I ran in the 18 min to 17:16 runner my freshman and sophomore years (on 30-35 miles per week with lots of short intervals (400s galore)) to 15:40s the next year by simply adding 5 extra 4 mile runs at 8 each night at a steady (moderate) pace to what we were doing. I also begged our coach to let us run longer intervals. BUT, the key was the mileage difference. My senior year, I ran 15:41 the first week of school at a meet (hot outside too) after training 50-55 miles per week for 6 weeks prior to that over hilly courses at moderate paces and running one workout per week at an 85-90% effort for 3 miles (about 20-30 seconds per mile slower than all out, I figured). No speedwork was necessary to produce a good perfomance and beat a lot of guys who went on to become collegiate running stars.

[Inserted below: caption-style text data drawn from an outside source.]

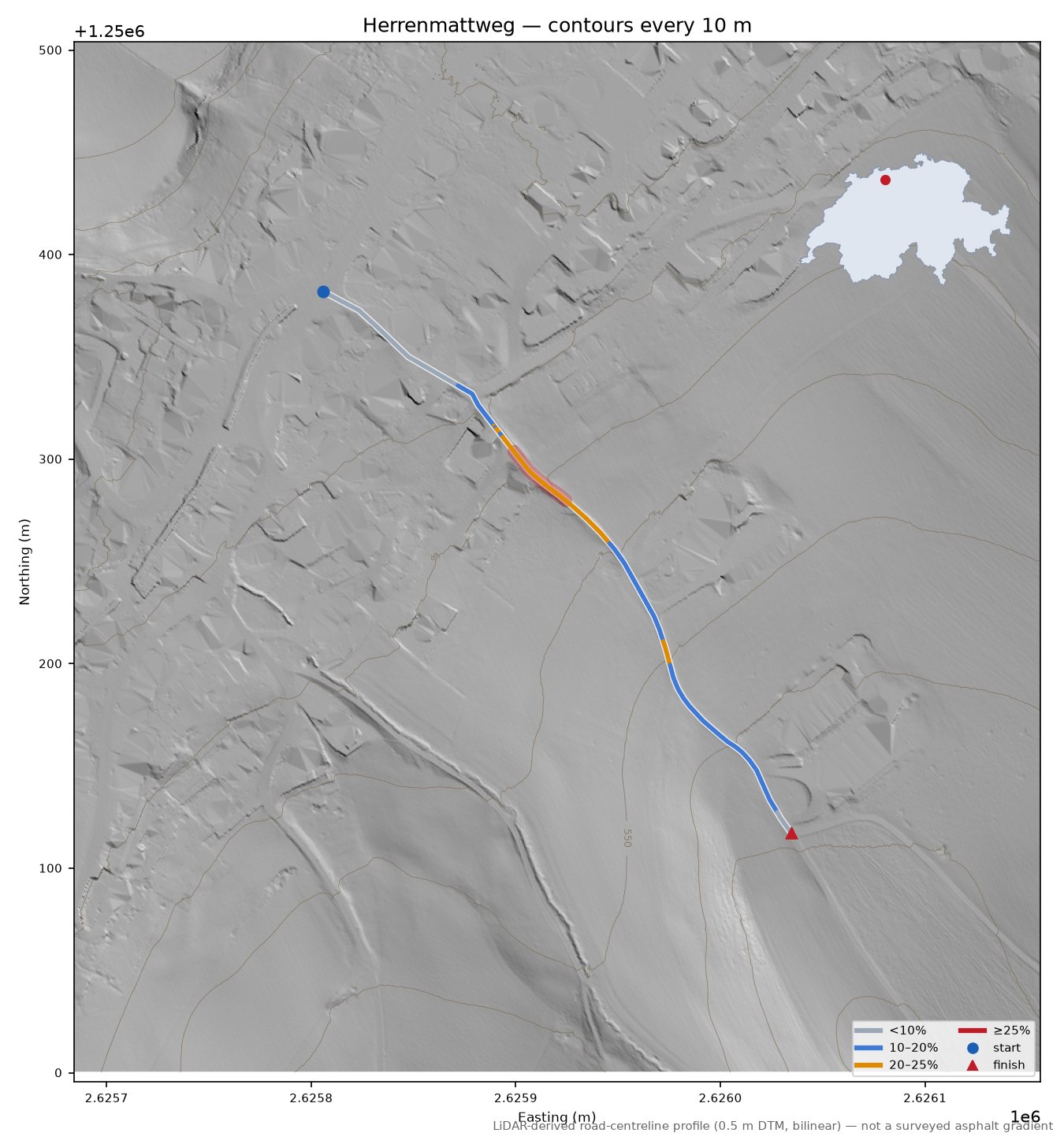 Herrenmattweg LiDAR hillshade map with contours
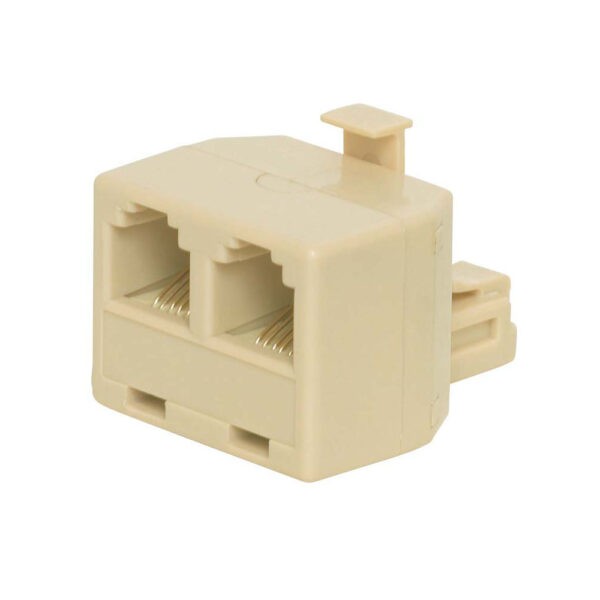 Duplex Adapter, 4P4C, Straight-Wired, Ivory
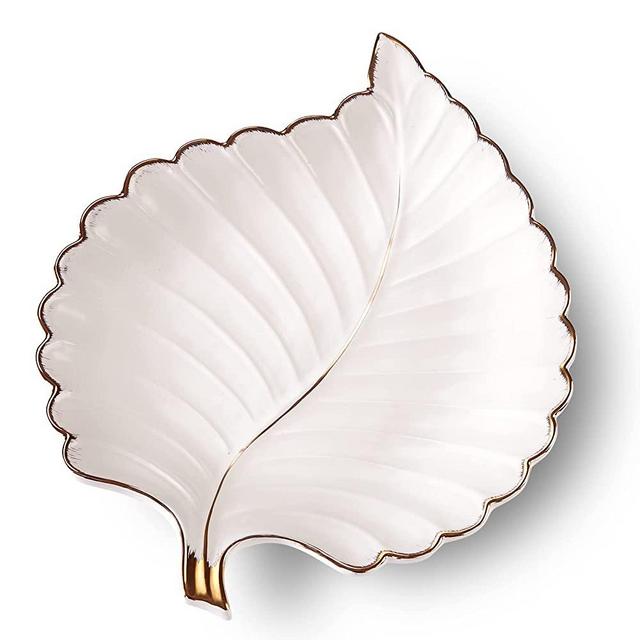 Ceramic Jewelry Trays Trinket Dish Ring Dish Ceramic Candy Plate Snack Plate Leaf Shaped Dish (White, Medium)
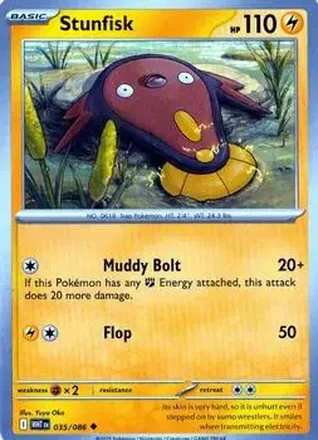 2025 Pokemon Scarlet & Violet White Flare #035/086 - Stunfisk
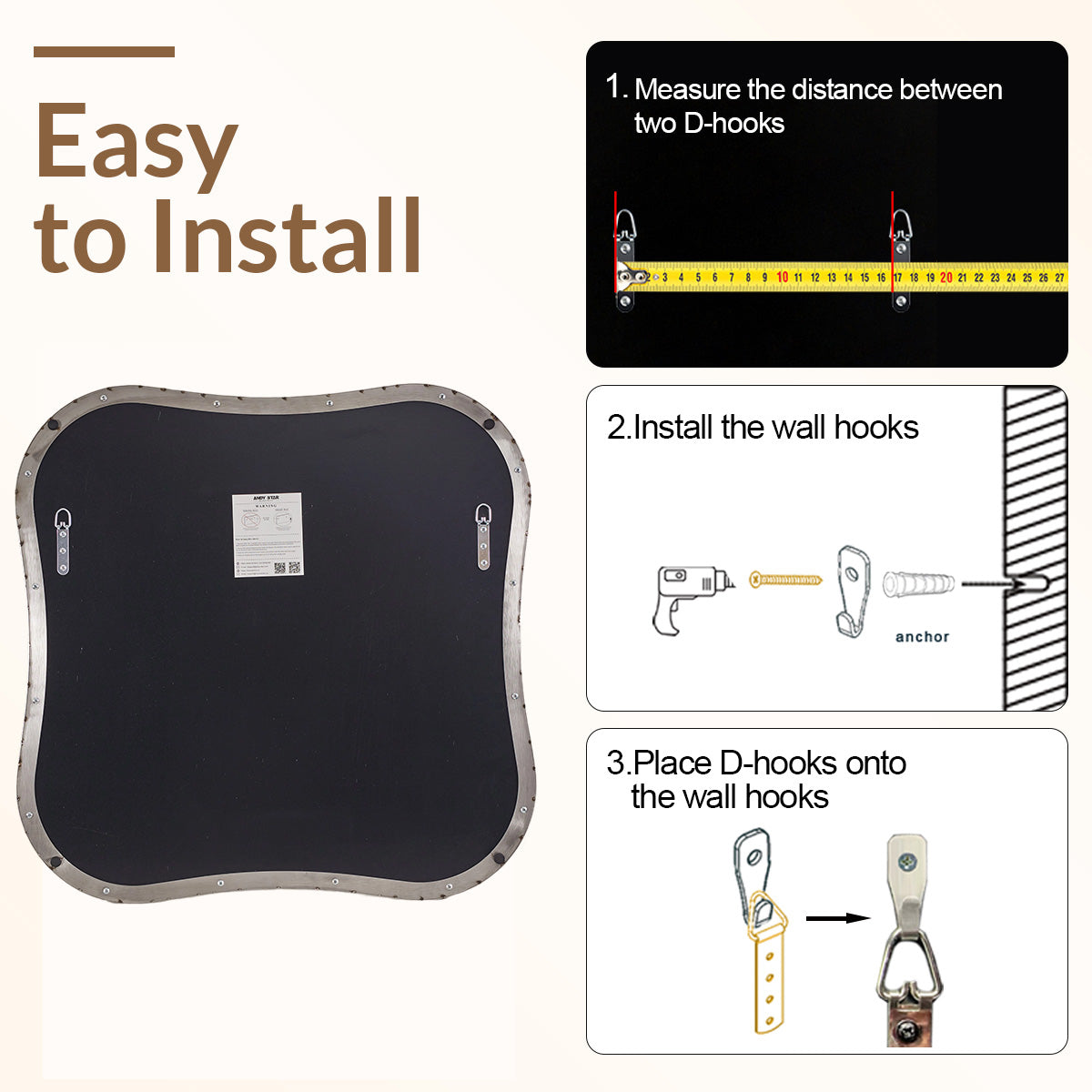 Contemporary Square Scalloped Bathroom Mirrors | 30Inch,Stainless Steel Framed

If I had to do it all over again (now I am in my mid 30s), I would do double runs per day for many weeks instead of 3-4 months per year. My wife who was a multi-state champ (18:12 runner) claims that her daily morning runs of 3-5 miles were the key to her success. As a track coach, her best runners over the last 15 years all did morning runs. Those that stopped doing the morning runs were far slower the next year.
You don't need to ask your coach anything. It is your life. Yes, if you had a really good coach then you could get their input, but that is not the case, here, according to you. Look at it this way, if you just try adding extra runs for a month and don't see results, you can quit and never go back. I am certain that you can drop a minute off your time in 6 weeks if you bump your mileage by 20 per week with extra 4 mile runs and get it up to the 50s.